Maybe I am bubbly enough to show that, yes, there are deeply endearing (maybe even happy!) fat people.
Maybe I am witty enough to show that, yes, there are charming fat people.
But after my little show, it sometimes feels like others get to feel more humane for having met someone who defied their bigoted notion of a fat person, and I get to feel depleted.
So, am I defensive? Fuck yeah, I am.
I was a genuinely nice person for a long time — turned the other cheek, laughed at the jokes made at my expense, and I was perpetually both the literally and the metaphorically "bigger" person. It honestly didn’t feel like a choice.

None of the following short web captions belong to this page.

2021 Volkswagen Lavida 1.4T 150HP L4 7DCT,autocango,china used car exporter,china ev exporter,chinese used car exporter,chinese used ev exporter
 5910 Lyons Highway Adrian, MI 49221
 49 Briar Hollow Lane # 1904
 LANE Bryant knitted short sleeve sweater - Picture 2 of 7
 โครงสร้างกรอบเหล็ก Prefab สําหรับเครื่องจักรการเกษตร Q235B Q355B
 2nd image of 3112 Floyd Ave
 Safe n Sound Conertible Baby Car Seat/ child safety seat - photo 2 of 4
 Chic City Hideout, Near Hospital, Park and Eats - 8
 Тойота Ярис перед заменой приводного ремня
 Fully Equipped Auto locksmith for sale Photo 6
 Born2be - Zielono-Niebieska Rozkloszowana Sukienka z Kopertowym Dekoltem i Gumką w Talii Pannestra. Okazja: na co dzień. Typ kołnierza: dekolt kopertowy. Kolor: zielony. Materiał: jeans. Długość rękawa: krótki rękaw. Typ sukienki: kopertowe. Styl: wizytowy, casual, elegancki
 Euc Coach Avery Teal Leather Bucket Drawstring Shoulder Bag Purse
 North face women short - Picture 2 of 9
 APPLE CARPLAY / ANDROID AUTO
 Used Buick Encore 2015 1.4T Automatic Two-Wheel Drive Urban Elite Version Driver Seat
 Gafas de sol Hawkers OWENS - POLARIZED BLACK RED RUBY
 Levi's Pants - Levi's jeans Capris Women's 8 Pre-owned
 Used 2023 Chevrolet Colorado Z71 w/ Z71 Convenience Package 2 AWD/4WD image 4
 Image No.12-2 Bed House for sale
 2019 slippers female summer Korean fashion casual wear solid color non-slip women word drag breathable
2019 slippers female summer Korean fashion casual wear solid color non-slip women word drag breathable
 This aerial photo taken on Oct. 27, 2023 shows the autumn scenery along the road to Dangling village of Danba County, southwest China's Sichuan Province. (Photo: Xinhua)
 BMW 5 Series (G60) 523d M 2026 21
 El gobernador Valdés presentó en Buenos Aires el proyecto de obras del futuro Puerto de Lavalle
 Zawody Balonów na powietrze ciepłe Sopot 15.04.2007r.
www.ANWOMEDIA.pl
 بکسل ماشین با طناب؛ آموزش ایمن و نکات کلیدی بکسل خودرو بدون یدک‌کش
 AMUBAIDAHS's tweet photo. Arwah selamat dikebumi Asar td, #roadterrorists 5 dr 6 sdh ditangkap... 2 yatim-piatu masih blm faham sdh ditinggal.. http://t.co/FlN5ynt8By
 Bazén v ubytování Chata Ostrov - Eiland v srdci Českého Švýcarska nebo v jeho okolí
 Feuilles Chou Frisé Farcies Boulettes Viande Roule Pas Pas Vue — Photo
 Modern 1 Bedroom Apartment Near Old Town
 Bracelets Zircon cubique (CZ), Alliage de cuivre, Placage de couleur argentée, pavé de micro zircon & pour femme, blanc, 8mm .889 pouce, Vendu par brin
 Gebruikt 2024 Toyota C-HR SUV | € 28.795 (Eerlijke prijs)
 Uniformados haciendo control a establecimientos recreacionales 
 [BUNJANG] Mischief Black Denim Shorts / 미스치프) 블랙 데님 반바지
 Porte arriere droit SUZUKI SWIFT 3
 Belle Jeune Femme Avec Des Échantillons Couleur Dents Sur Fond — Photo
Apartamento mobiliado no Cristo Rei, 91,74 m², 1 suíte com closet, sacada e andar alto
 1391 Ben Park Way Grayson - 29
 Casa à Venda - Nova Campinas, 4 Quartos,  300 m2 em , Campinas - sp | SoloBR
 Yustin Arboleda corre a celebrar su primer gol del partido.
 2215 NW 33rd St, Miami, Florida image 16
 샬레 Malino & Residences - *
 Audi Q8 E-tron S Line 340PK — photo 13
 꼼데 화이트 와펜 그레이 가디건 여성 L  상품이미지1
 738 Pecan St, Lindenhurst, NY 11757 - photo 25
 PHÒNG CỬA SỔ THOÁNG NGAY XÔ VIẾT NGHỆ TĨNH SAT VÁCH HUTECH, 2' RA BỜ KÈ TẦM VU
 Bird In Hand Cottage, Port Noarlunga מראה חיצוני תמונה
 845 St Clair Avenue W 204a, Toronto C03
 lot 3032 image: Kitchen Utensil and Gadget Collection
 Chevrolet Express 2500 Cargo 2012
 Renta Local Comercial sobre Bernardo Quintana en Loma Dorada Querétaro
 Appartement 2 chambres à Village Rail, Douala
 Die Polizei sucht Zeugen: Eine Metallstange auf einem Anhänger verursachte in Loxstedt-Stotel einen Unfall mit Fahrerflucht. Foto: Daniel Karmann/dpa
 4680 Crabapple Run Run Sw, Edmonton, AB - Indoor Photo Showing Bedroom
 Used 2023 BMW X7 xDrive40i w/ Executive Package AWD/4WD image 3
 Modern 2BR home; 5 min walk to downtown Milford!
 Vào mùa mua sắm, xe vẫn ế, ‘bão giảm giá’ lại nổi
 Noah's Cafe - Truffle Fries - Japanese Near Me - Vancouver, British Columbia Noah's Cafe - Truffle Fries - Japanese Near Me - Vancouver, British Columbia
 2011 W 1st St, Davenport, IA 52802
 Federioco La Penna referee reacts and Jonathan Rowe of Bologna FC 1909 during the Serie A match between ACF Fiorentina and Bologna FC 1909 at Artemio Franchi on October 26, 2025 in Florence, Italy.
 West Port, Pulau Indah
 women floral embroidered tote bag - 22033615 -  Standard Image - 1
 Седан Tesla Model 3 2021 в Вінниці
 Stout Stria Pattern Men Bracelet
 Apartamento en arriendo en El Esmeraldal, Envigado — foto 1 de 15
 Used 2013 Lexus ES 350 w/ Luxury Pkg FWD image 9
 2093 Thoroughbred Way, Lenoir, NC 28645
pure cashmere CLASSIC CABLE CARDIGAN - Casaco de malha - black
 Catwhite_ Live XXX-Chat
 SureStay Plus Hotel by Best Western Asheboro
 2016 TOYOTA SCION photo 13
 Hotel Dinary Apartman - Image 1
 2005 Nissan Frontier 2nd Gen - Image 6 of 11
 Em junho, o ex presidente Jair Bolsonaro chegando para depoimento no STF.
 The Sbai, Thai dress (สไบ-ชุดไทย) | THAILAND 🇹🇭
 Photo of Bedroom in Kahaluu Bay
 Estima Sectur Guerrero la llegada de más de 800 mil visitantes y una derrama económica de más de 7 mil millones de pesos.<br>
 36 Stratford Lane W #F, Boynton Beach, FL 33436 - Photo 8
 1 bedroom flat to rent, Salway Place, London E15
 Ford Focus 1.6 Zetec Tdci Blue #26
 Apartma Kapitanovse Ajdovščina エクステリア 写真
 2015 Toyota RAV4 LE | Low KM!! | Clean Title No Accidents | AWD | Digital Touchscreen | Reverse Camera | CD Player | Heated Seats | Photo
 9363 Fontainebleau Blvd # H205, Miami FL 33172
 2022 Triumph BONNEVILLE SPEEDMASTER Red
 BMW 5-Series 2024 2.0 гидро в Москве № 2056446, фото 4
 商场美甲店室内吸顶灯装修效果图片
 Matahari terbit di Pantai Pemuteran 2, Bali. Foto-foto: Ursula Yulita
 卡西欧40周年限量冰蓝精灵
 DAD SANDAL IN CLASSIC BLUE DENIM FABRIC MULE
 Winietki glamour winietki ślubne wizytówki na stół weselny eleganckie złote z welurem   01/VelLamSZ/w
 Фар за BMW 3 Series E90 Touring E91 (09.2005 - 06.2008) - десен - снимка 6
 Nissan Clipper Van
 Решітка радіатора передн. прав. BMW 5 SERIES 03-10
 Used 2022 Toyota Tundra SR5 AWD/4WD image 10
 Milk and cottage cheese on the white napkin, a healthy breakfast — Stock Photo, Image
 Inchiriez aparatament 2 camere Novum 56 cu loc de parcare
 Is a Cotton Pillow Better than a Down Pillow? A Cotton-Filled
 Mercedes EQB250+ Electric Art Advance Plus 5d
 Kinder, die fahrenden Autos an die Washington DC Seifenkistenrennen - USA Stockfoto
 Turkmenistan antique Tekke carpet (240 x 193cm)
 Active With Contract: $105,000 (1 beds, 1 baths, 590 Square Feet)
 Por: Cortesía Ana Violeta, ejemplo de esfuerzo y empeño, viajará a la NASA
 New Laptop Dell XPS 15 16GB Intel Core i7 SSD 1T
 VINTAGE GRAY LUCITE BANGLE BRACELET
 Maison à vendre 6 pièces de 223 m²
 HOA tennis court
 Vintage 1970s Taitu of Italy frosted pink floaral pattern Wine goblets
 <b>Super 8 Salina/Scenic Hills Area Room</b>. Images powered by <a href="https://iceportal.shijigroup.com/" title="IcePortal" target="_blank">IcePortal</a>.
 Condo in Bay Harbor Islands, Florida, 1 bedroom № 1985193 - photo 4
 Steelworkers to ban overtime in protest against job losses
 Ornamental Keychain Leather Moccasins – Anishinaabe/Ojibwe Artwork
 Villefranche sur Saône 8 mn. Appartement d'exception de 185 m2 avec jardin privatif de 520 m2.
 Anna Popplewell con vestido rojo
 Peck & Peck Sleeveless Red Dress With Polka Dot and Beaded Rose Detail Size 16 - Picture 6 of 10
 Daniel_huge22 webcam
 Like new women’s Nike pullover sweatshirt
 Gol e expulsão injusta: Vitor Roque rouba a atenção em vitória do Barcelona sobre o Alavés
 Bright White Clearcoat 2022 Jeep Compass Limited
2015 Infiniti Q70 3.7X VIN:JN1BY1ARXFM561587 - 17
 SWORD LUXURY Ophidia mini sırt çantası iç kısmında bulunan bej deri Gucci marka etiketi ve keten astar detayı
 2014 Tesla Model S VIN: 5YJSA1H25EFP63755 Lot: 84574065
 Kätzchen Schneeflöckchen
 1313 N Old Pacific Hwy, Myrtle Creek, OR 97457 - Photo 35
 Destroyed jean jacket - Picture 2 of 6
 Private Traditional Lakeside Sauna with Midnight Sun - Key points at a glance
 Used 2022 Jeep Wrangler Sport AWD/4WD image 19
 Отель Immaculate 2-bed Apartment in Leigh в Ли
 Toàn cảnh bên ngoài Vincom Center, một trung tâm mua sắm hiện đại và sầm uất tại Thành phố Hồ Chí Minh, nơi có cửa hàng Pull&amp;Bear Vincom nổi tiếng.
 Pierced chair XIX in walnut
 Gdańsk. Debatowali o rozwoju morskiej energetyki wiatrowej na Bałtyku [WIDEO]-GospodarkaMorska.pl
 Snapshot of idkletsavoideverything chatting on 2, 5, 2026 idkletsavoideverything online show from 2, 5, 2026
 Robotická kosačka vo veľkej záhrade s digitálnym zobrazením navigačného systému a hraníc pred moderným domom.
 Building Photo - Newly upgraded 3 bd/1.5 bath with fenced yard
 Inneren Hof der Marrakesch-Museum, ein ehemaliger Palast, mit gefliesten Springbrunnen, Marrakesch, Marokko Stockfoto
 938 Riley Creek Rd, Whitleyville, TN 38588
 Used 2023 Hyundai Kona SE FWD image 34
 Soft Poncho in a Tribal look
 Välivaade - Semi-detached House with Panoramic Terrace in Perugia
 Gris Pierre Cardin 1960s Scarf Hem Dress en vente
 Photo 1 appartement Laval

I was trained to understand that people were going to think less of me and that it was my job to “fix” that.
And then slowly, steadily, I stopped.
As I became painfully aware of how fatphobia had long affected people's attitudes and behaviors toward me, it became easier to recognize that their bigotry was not my fault. And as my shame evaporated, so too did my willingness to pretend.
What has developed in its wake is a defensiveness that, I'll admit, I am proud of. It is not necessarily pleasant to be defensive, but that's okay with me. My defensiveness was a strategic decision, well-earned.
The choice between practicing sweetness in the face of bigotry and practicing defensiveness feels like the space between a rock and a hard place. I am like a permanent resident of that space. It is work to be defensive, but I prefer the labor of being a bitch to the labor of being sweet-as-pie. There is power, for me, in refusing to play along and to creating static. I think also: there is power in being the one who preemptively rejects.
Truthfully, I really want to be able to walk into every new interaction with the hope — the expectation — that everyone knows how to treat everyone else with full humanity. But the culture’s gonna have to do a lot better before I emotionally disarm.